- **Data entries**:
*** Block opens ***

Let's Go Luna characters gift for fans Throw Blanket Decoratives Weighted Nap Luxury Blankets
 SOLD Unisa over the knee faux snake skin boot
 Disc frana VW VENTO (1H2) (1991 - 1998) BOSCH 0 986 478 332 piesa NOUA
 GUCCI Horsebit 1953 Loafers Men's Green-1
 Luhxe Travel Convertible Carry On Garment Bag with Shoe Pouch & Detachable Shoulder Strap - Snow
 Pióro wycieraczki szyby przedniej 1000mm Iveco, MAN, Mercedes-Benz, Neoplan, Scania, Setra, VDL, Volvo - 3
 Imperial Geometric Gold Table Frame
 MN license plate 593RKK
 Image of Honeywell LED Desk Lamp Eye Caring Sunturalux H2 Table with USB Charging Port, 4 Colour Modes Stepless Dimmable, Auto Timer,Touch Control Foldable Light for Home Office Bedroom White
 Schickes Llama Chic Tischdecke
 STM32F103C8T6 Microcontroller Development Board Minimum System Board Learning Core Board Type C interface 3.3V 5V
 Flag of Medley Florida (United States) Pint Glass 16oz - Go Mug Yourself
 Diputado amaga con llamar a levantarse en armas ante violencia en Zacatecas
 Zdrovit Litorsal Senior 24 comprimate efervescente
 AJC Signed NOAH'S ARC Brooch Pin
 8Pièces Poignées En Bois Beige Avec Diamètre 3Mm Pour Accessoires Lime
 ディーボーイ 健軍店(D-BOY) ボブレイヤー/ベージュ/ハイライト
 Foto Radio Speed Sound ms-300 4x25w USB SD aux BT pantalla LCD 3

*** Block closes ***

- **Required action**:
The answer is the line with "8Pièces Poignées En" plus every line after it, printed exactly as they appear above.

- **Final answer**:
 8Pièces Poignées En Bois Beige Avec Diamètre 3Mm Pour Accessoires Lime
 ディーボーイ 健軍店(D-BOY) ボブレイヤー/ベージュ/ハイライト
 Foto Radio Speed Sound ms-300 4x25w USB SD aux BT pantalla LCD 3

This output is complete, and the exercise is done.